* TASK ITEM: Every entry below must be copied exactly, with nothing left out.

* THE DATA:
== == ==

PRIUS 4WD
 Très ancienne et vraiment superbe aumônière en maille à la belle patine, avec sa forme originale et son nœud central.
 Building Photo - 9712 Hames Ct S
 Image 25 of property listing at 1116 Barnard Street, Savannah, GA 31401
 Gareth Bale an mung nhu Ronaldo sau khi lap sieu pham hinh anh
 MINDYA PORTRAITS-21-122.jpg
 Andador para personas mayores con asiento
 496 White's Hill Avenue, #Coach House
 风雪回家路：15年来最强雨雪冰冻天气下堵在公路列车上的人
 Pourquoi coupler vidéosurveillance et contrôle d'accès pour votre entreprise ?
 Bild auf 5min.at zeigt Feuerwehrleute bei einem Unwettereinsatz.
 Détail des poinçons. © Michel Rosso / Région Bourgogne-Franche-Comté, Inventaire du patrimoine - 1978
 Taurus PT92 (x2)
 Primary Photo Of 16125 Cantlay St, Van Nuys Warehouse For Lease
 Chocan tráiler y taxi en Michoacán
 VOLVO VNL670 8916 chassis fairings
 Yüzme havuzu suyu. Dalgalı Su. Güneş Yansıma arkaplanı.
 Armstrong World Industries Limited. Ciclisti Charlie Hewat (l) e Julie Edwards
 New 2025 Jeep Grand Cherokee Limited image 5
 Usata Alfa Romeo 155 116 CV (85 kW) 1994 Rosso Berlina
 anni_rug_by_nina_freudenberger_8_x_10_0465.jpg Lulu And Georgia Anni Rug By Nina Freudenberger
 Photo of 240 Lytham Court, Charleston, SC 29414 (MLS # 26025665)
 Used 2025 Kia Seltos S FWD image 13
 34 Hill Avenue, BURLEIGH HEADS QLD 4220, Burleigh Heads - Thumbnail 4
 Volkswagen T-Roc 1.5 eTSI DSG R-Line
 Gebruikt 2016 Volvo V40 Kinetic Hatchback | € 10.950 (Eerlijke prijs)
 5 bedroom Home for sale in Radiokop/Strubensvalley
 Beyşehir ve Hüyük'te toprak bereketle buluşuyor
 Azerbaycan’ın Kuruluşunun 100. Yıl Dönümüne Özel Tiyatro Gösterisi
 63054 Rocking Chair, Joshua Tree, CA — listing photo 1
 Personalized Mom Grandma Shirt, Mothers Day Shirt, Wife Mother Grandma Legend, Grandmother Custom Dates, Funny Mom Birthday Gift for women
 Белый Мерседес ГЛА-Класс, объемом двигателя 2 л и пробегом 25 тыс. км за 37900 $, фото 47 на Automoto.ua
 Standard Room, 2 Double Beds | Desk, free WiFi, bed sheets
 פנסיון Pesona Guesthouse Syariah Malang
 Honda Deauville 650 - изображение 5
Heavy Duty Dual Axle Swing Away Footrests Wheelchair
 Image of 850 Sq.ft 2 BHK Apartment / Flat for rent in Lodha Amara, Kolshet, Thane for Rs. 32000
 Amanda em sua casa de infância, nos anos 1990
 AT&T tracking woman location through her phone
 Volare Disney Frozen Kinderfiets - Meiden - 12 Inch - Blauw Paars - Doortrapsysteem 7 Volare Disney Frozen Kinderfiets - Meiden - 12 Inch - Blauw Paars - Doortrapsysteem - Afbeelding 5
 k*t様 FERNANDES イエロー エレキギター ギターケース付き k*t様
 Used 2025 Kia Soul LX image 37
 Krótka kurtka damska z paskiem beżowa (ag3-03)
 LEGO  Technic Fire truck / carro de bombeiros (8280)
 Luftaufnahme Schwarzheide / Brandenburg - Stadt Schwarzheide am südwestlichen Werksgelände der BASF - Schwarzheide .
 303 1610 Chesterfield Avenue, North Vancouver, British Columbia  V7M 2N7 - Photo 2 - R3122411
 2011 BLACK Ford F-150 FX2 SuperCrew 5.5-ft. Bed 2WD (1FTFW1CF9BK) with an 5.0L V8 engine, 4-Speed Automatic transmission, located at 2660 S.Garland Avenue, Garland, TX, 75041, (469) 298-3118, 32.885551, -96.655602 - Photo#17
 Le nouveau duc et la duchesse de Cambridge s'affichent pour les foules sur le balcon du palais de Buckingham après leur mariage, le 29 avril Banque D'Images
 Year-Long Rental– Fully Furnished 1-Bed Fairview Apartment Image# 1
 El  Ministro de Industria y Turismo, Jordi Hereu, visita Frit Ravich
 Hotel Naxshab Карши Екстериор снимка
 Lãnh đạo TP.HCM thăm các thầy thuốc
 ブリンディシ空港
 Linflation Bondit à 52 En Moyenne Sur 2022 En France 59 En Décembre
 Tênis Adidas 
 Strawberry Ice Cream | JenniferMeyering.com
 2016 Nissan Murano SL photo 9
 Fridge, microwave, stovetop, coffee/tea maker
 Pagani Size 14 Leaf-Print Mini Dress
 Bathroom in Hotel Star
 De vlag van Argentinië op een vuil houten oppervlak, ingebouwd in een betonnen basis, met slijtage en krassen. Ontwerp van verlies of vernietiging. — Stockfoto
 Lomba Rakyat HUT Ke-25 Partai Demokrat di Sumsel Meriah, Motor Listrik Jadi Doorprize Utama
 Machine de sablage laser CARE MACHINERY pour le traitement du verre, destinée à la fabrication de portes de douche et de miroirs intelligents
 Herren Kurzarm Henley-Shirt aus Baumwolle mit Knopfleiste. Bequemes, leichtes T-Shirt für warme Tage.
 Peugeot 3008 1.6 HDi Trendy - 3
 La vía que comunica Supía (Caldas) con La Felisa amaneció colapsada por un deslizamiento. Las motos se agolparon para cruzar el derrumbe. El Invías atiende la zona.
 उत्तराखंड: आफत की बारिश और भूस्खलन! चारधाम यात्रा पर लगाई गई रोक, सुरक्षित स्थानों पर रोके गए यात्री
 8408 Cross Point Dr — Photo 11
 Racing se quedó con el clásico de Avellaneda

== == ==

* ANSWER TO THIS PROBLEM:
PRIUS 4WD
 Très ancienne et vraiment superbe aumônière en maille à la belle patine, avec sa forme originale et son nœud central.
 Building Photo - 9712 Hames Ct S
 Image 25 of property listing at 1116 Barnard Street, Savannah, GA 31401
 Gareth Bale an mung nhu Ronaldo sau khi lap sieu pham hinh anh
 MINDYA PORTRAITS-21-122.jpg
 Andador para personas mayores con asiento
 496 White's Hill Avenue, #Coach House
 风雪回家路：15年来最强雨雪冰冻天气下堵在公路列车上的人
 Pourquoi coupler vidéosurveillance et contrôle d'accès pour votre entreprise ?
 Bild auf 5min.at zeigt Feuerwehrleute bei einem Unwettereinsatz.
 Détail des poinçons. © Michel Rosso / Région Bourgogne-Franche-Comté, Inventaire du patrimoine - 1978
 Taurus PT92 (x2)
 Primary Photo Of 16125 Cantlay St, Van Nuys Warehouse For Lease
 Chocan tráiler y taxi en Michoacán
 VOLVO VNL670 8916 chassis fairings
 Yüzme havuzu suyu. Dalgalı Su. Güneş Yansıma arkaplanı.
 Armstrong World Industries Limited. Ciclisti Charlie Hewat (l) e Julie Edwards
 New 2025 Jeep Grand Cherokee Limited image 5
 Usata Alfa Romeo 155 116 CV (85 kW) 1994 Rosso Berlina
 anni_rug_by_nina_freudenberger_8_x_10_0465.jpg Lulu And Georgia Anni Rug By Nina Freudenberger
 Photo of 240 Lytham Court, Charleston, SC 29414 (MLS # 26025665)
 Used 2025 Kia Seltos S FWD image 13
 34 Hill Avenue, BURLEIGH HEADS QLD 4220, Burleigh Heads - Thumbnail 4
 Volkswagen T-Roc 1.5 eTSI DSG R-Line
 Gebruikt 2016 Volvo V40 Kinetic Hatchback | € 10.950 (Eerlijke prijs)
 5 bedroom Home for sale in Radiokop/Strubensvalley
 Beyşehir ve Hüyük'te toprak bereketle buluşuyor
 Azerbaycan’ın Kuruluşunun 100. Yıl Dönümüne Özel Tiyatro Gösterisi
 63054 Rocking Chair, Joshua Tree, CA — listing photo 1
 Personalized Mom Grandma Shirt, Mothers Day Shirt, Wife Mother Grandma Legend, Grandmother Custom Dates, Funny Mom Birthday Gift for women
 Белый Мерседес ГЛА-Класс, объемом двигателя 2 л и пробегом 25 тыс. км за 37900 $, фото 47 на Automoto.ua
 Standard Room, 2 Double Beds | Desk, free WiFi, bed sheets
 פנסיון Pesona Guesthouse Syariah Malang
 Honda Deauville 650 - изображение 5
Heavy Duty Dual Axle Swing Away Footrests Wheelchair
 Image of 850 Sq.ft 2 BHK Apartment / Flat for rent in Lodha Amara, Kolshet, Thane for Rs. 32000
 Amanda em sua casa de infância, nos anos 1990
 AT&T tracking woman location through her phone
 Volare Disney Frozen Kinderfiets - Meiden - 12 Inch - Blauw Paars - Doortrapsysteem 7 Volare Disney Frozen Kinderfiets - Meiden - 12 Inch - Blauw Paars - Doortrapsysteem - Afbeelding 5
 k*t様 FERNANDES イエロー エレキギター ギターケース付き k*t様
 Used 2025 Kia Soul LX image 37
 Krótka kurtka damska z paskiem beżowa (ag3-03)
 LEGO  Technic Fire truck / carro de bombeiros (8280)
 Luftaufnahme Schwarzheide / Brandenburg - Stadt Schwarzheide am südwestlichen Werksgelände der BASF - Schwarzheide .
 303 1610 Chesterfield Avenue, North Vancouver, British Columbia  V7M 2N7 - Photo 2 - R3122411
 2011 BLACK Ford F-150 FX2 SuperCrew 5.5-ft. Bed 2WD (1FTFW1CF9BK) with an 5.0L V8 engine, 4-Speed Automatic transmission, located at 2660 S.Garland Avenue, Garland, TX, 75041, (469) 298-3118, 32.885551, -96.655602 - Photo#17
 Le nouveau duc et la duchesse de Cambridge s'affichent pour les foules sur le balcon du palais de Buckingham après leur mariage, le 29 avril Banque D'Images
 Year-Long Rental– Fully Furnished 1-Bed Fairview Apartment Image# 1
 El  Ministro de Industria y Turismo, Jordi Hereu, visita Frit Ravich
 Hotel Naxshab Карши Екстериор снимка
 Lãnh đạo TP.HCM thăm các thầy thuốc
 ブリンディシ空港
 Linflation Bondit à 52 En Moyenne Sur 2022 En France 59 En Décembre
 Tênis Adidas 
 Strawberry Ice Cream | JenniferMeyering.com
 2016 Nissan Murano SL photo 9
 Fridge, microwave, stovetop, coffee/tea maker
 Pagani Size 14 Leaf-Print Mini Dress
 Bathroom in Hotel Star
 De vlag van Argentinië op een vuil houten oppervlak, ingebouwd in een betonnen basis, met slijtage en krassen. Ontwerp van verlies of vernietiging. — Stockfoto
 Lomba Rakyat HUT Ke-25 Partai Demokrat di Sumsel Meriah, Motor Listrik Jadi Doorprize Utama
 Machine de sablage laser CARE MACHINERY pour le traitement du verre, destinée à la fabrication de portes de douche et de miroirs intelligents
 Herren Kurzarm Henley-Shirt aus Baumwolle mit Knopfleiste. Bequemes, leichtes T-Shirt für warme Tage.
 Peugeot 3008 1.6 HDi Trendy - 3
 La vía que comunica Supía (Caldas) con La Felisa amaneció colapsada por un deslizamiento. Las motos se agolparon para cruzar el derrumbe. El Invías atiende la zona.
 उत्तराखंड: आफत की बारिश और भूस्खलन! चारधाम यात्रा पर लगाई गई रोक, सुरक्षित स्थानों पर रोके गए यात्री
 8408 Cross Point Dr — Photo 11
 Racing se quedó con el clásico de Avellaneda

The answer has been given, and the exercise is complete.